Dad Needs Me Today.

"Time to get up. C'mon now, I need your help today?"

"Oh, Dad!" I think. "I don't want to go to work today. I hope Mom has some work for me today. Mom's chores will not be nearly as hard."

It is Summer and I get to sleep in. Yep! Sleep in Dad's truck as we snake our way through the city on our way to his job site. I am a seventeen years-old and my father is a sub contractor. Born in the 1920's, raised in The Depression, and very used to traditional gender roles, but Dad could be an advocate for women's rights because he doesn't much worry that I am a girl. I get to help him work...hard. He works hard every day except Sunday. I guess it's that farming runs deep in his veins. He loves to be outside and it doesn't seem to matter whether it is sweltering hot or freezing cold, Dad works outside. Dad works outside. He seems to think it is good for my character development for me to experience nature in all its variety while wielding whatever hand tool the job requires.


I consider my father a great man who doesn't have all the trappings of financial success but he and my mother have their most beloved treasures-each other and all us children. So, since our family is large, growing, and hungry, he takes us to work when he can get away with it. I guess he needs us. We are captive and able to learn whatever he needs us to do with which ever hand tool he deems necessary. I have at my disposal shovel, hammer, level, plumbline, transit, pick, and crowbar...just to name a few.

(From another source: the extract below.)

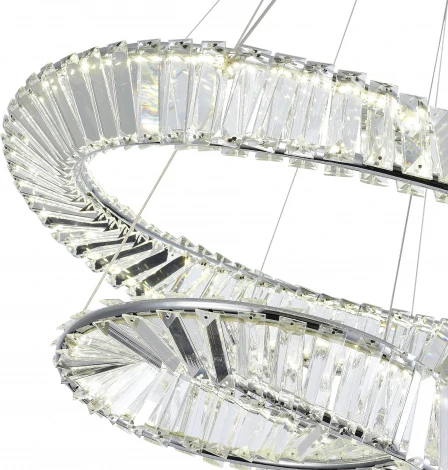 Подвесной светильник ярусный ST Luce Ritorto SL6204.101.02 Хром/Прозрачный LED 1*52W 4000K (220V, на тросе, круглые)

So what is it Dad has me doing today? We are digging footings for a new house. Other contractors use power equipment but not my dad - we make do with shovels, picks, and crowbars. I am not the fastest with a shovel but for a skinny teenage girl, I do ok. Dad says you have to really step on the shovel and fill it up in every scoop. As a child of the depression, he lets nothing go to waste. When the shovel doesn't seem to be working well enough, Dad fetches his file from the truck and sharpens the point of the shovel so it really bites into the soil. Who knew you could sharpen a shovel? But it really works!

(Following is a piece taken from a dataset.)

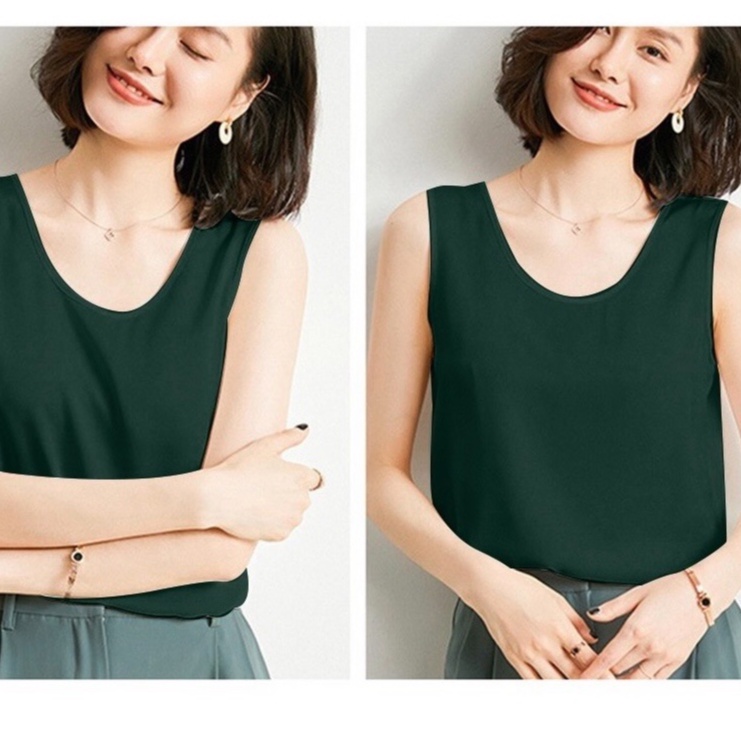 Áo Hai Dây Sát Nách Bản To Nữ Madela phong cách Hàn Quốc, Áo Lụa 2 Dây Bản To Nữ Dễ Phối Đồ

Digging footings by hand is not what I call a great summer day's activity but strangely, when the day is done and I am showered clean and looking at my sunkissed reflection, I am happy. I am learning new skills, growing stronger, and I feel satisfied that I am not a typical lazy kid who idles away the season. How many girls get that kind of experience? Ok, how many girls want that kind of experience? I get to feast on a home grown, home made lunch while relaxing in the shade with my father. It doesn't matter though that it is a different life than most of the kids at school. Most kids are hungry for personal experiences with their fathers and mothers. Me, I get to drink deeply from the well of parents' care. And of course, I get to go to bed tonight and sleep well hoping that Dad will NOT need me tomorrow.